Closing his eyes, Anduin sought whatever solace he could find in the water, and whatever semblance of privacy he could cobble together with a pack of guards stationed around him.

Sinking in up to his chin and stretching out his aching leg, his thoughts turned to Wrathion the night before. What had he seen? Why was Wrathion so defensive of his nighttime bathing ritual?

* * *

The Black Prince buried his fingers in his wet curls, cursing the blood that drained from his cheeks at the thought of Anduin seeing him. It shouldn’t matter, he reasoned when he was at his most tempered, but that didn’t stop his heart from pounding every time he imagined explaining himself to the mortals. 

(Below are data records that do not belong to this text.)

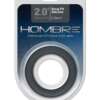 Hombre Snug Fit Silicone C Band - Charcoal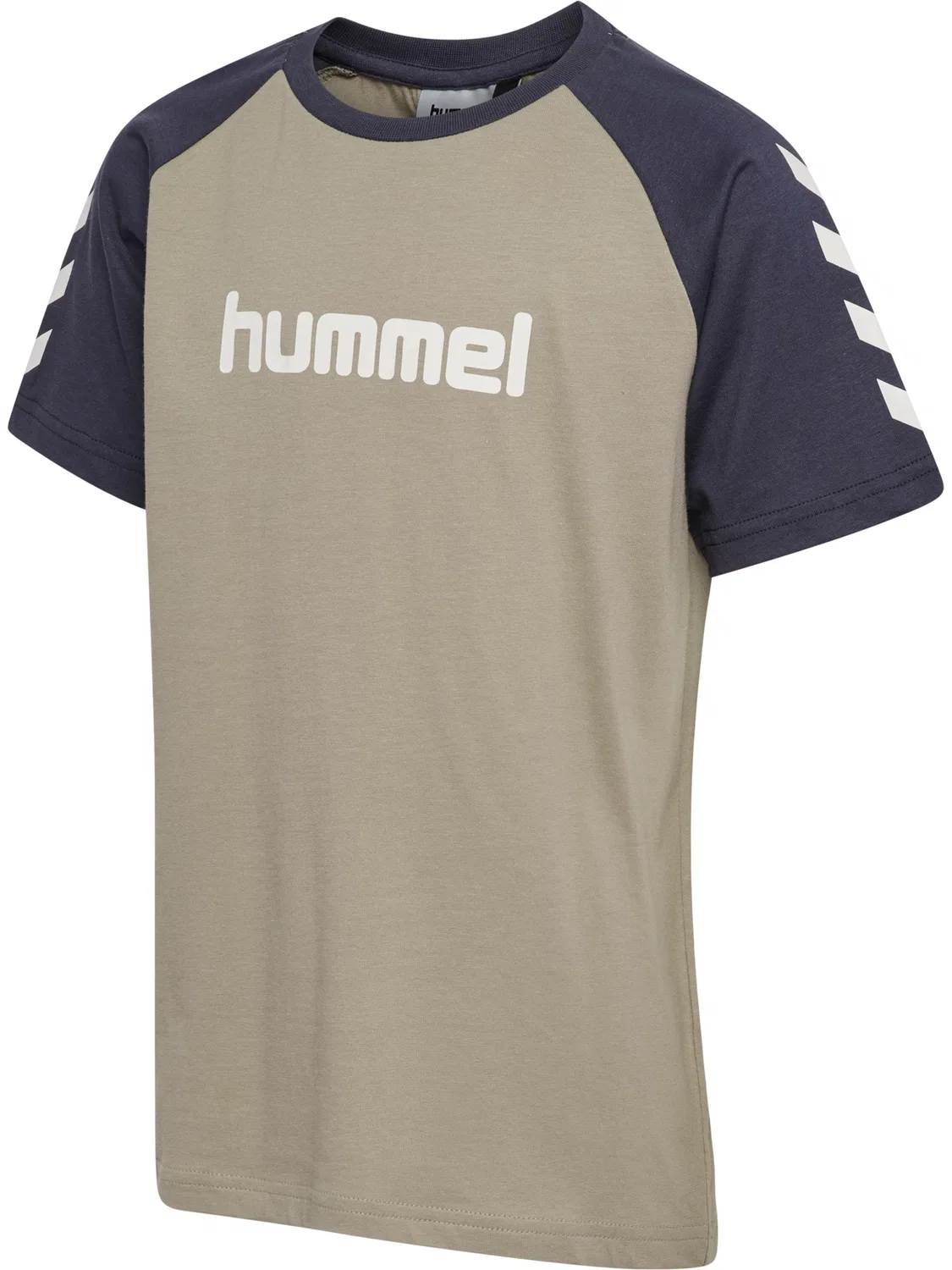 Рубашка Hummel Performance серого цвета — фото 3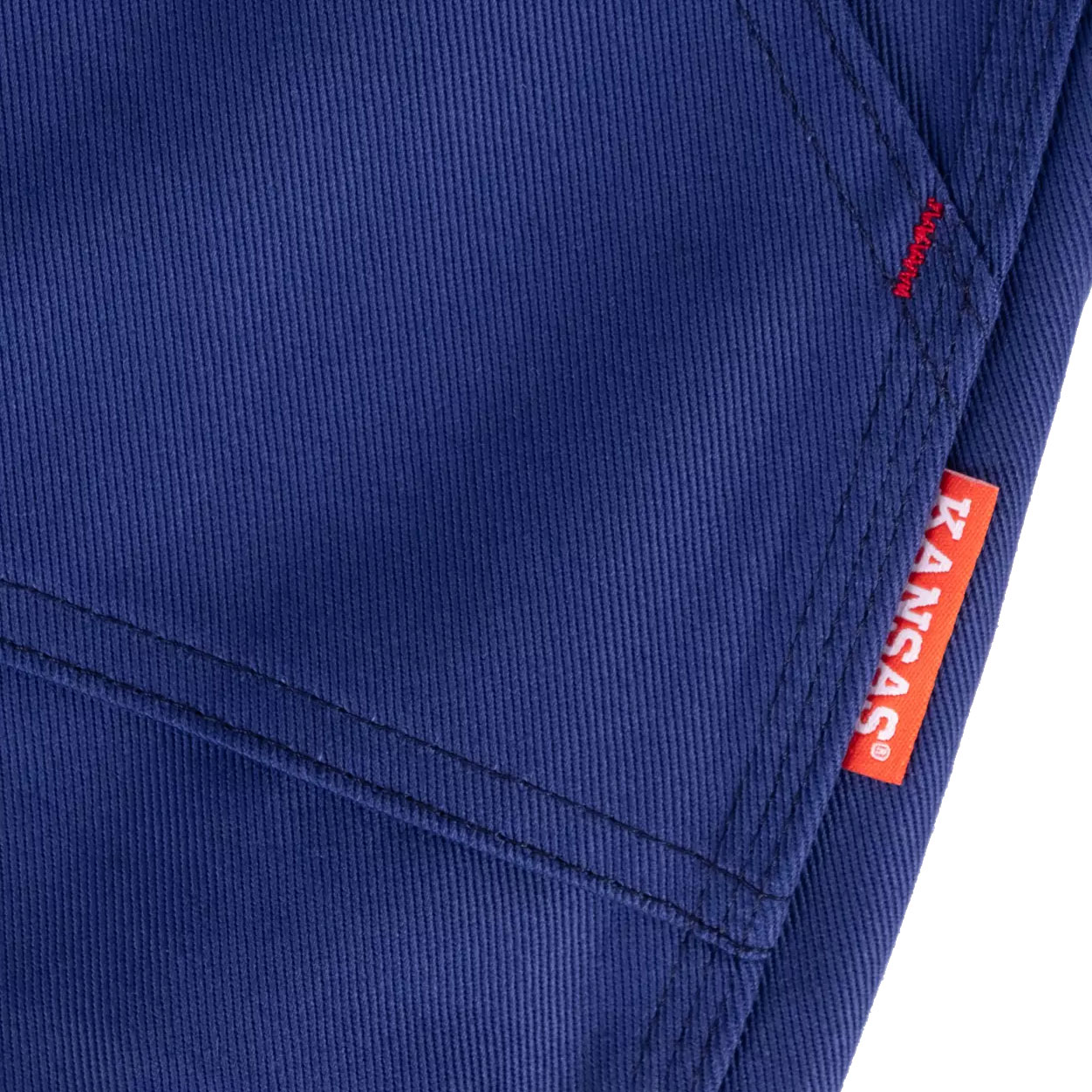 Kansas Kasack, Dunkel Marine, large image number 5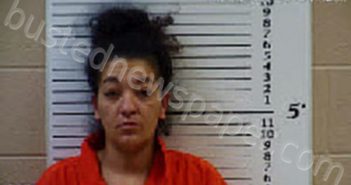 GREENLEE, SHALEES MARIE | 2024-05-07 15:29:00 Cherokee County, North Carolina Booking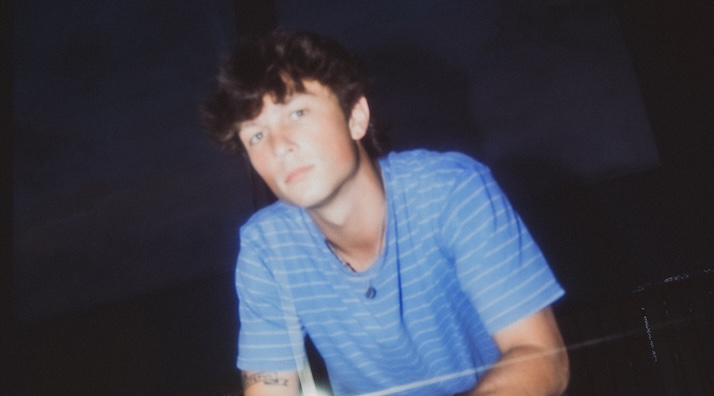 Coast Through A Dreamy Summer with Kevian Kraemer's "Tan Lines"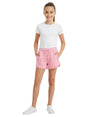 Image for Kids Girl's Plain Short,Pink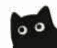 黑猫 表情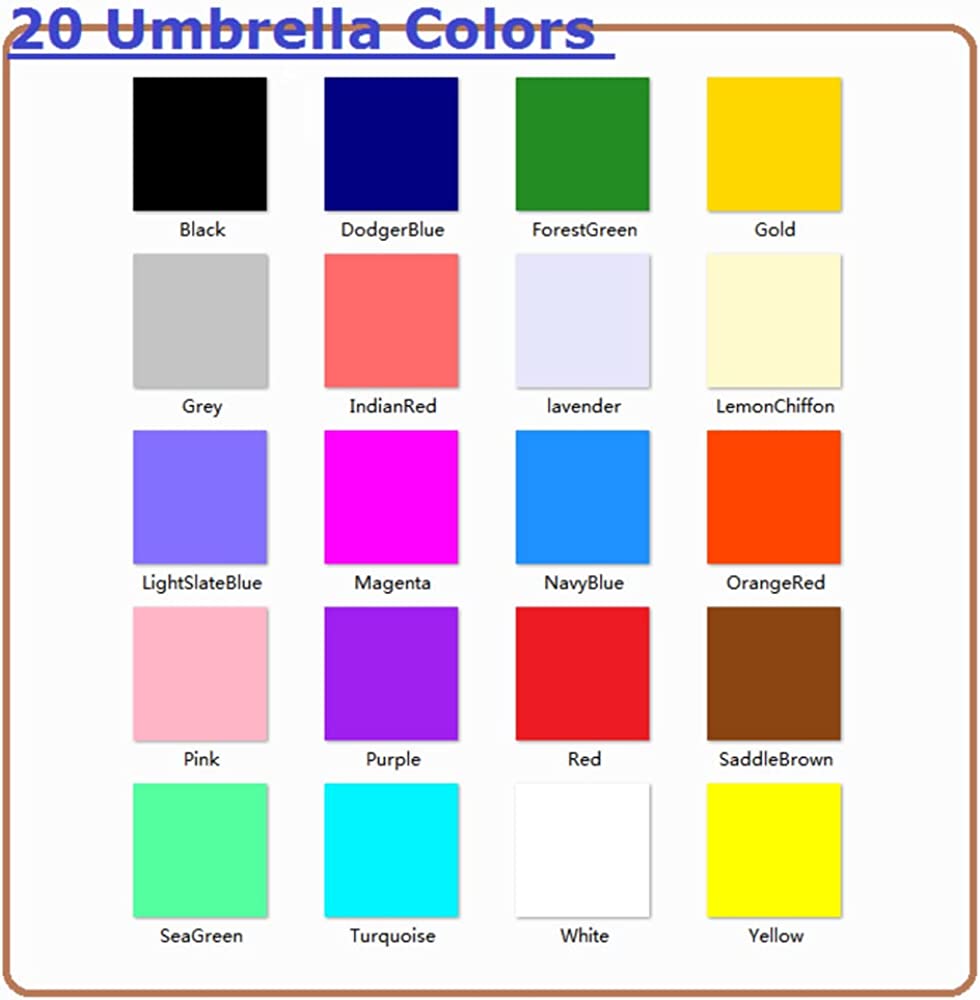 Custom Photo Text Compact Travel Umbrella Personalized Pet Dog Image Folding and Portable - Image 3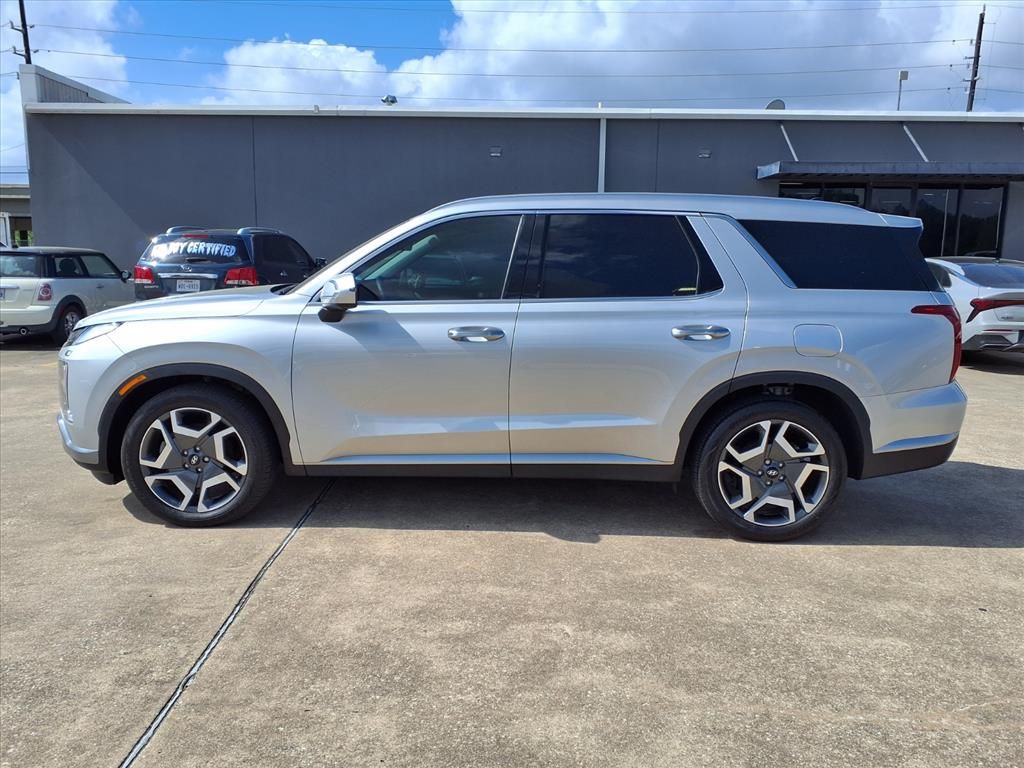 2024 Hyundai Palisade SEL - 4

Everything had become a chore, from bathing to changing to using the Tavern toilet; no matter how much he drank with his champions or how heavily weariness weighed on him, he had to stay vigilant. Right was the only other living soul who knew, and though she had done an excellent job of guarding his privacy while they were traveling, Tong didn’t like her closing off his storeroom or the door leading out to the hot spring. 

His only choice was to choose his moments carefully, but somehow, even then his plan had failed. Huffing until curls of smoke escaped through his teeth, he threw himself back against a keg and punched the cold stone floor. 

As pain shot through his knuckles, he shook them out, and hugged his knees to his chest. Unbidden, his kimono parted, sliding down to his waist to reveal legs scarred and discolored: the remnants of Rheastrasza's hasty experiments. 

_That foolish red dragon couldn’t get one thing right,_ he sighed, digging his nails into his skin. _She couldn’t even let me have this, one single thing about myself I didn’t have to hide from the world._

Champions and pandaren alike often soaked together in that pool, beers waiting within reach on the lip and conversation loud and carefree. He couldn’t even have that, and he hated it. 

Pulling his knees in closer, he tilted his head until it rested atop the keg and let out a ragged sigh. Above him, a mattress squeaked as Anduin burrowed under his blankets. 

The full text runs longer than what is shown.